Staff members who manage efforts like those of U-M’s Office of Academic Innovation came from places like MIT, Georgetown, Stanford, Arizona State, Dartmouth, Davidson, Southern New Hampshire and a number of other colleges and universities that are in various stages of growing their academic innovation efforts.
The sharing that took place represented what U-M President Mark Schlissel had in mind when he announced a focus on Academic Innovation at his annual faculty breakfast in the fall, during which he laid out initiatives for the new academic year. The president addressed participants at the conference called HAIL Storm, Harvesting Academic Innovation for Learners.
“We are taking the approach that there are limits to what one institution can do alone. We want to engage with others and approach the work ahead as partners,” Schlissel said. “Our institutions have different missions, different structures and different types of students. There is a tremendous amount we can learn from one another.
“If all of us are able to help build a nationwide culture of academic innovation, we have the best opportunity of seeing more successful collaborative projects. Your work as the top researchers and innovators in academic R&D and your commitment to experimentation give us a solid foundation moving forward.”
Leaders, many of whom have been recognized nationally for their work in this area, shared approaches that have worked and others that failed.

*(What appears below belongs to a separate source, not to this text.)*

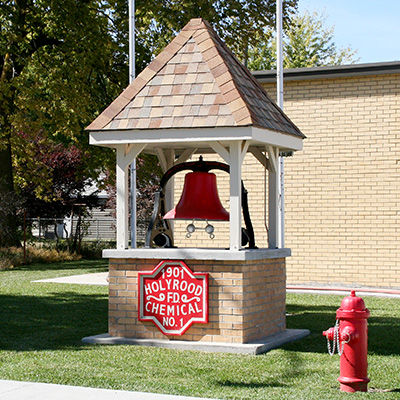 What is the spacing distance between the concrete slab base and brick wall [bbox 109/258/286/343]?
11 cm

They discussed the cultures of their institutions that often embrace experimentation but sometimes rail against “disruptive” change.
In opening remarks, James DeVaney, associate vice provost for academic innovation, posed tough questions to the group.
“Can we handle what happens next after we take a close look? Are our institutions equipped to absorb true accounts of where we are today? Can we handle the expectations we will set for ourselves and can we fight the urge to look away from imperfections?
“We’ve posed questions about participation, pipelines, partnerships, and intellectual property. We’ve underlined equity in education and meeting the needs of diverse learners as a shared interest. We’ve asked ourselves how we can convert growing momentum into a sustainable way of thinking and doing.”
The event was co-sponsored by EdSurge, an online resource for educators created in 2011 to provide information about what new technologies “can and cannot do to support learning,” according to its website.
EdSurge Director of Higher Education Allison Salisbury guided participants through sessions, one of which asked them to propose innovations that would assist with collaboration among the institutions.
“This is the first meeting of its kind to bring these R&D leaders together. These are the people who are leading innovation on their campuses,” Salisbury said. “Some will choose to end their involvement tomorrow but some teams likely will go on to collaborate.”
EdSurge interviewed Schlissel following his remarks to the team. He discussed the opportunities for using technology to strengthen educational quality, tailor content to meet student needs and transform teaching.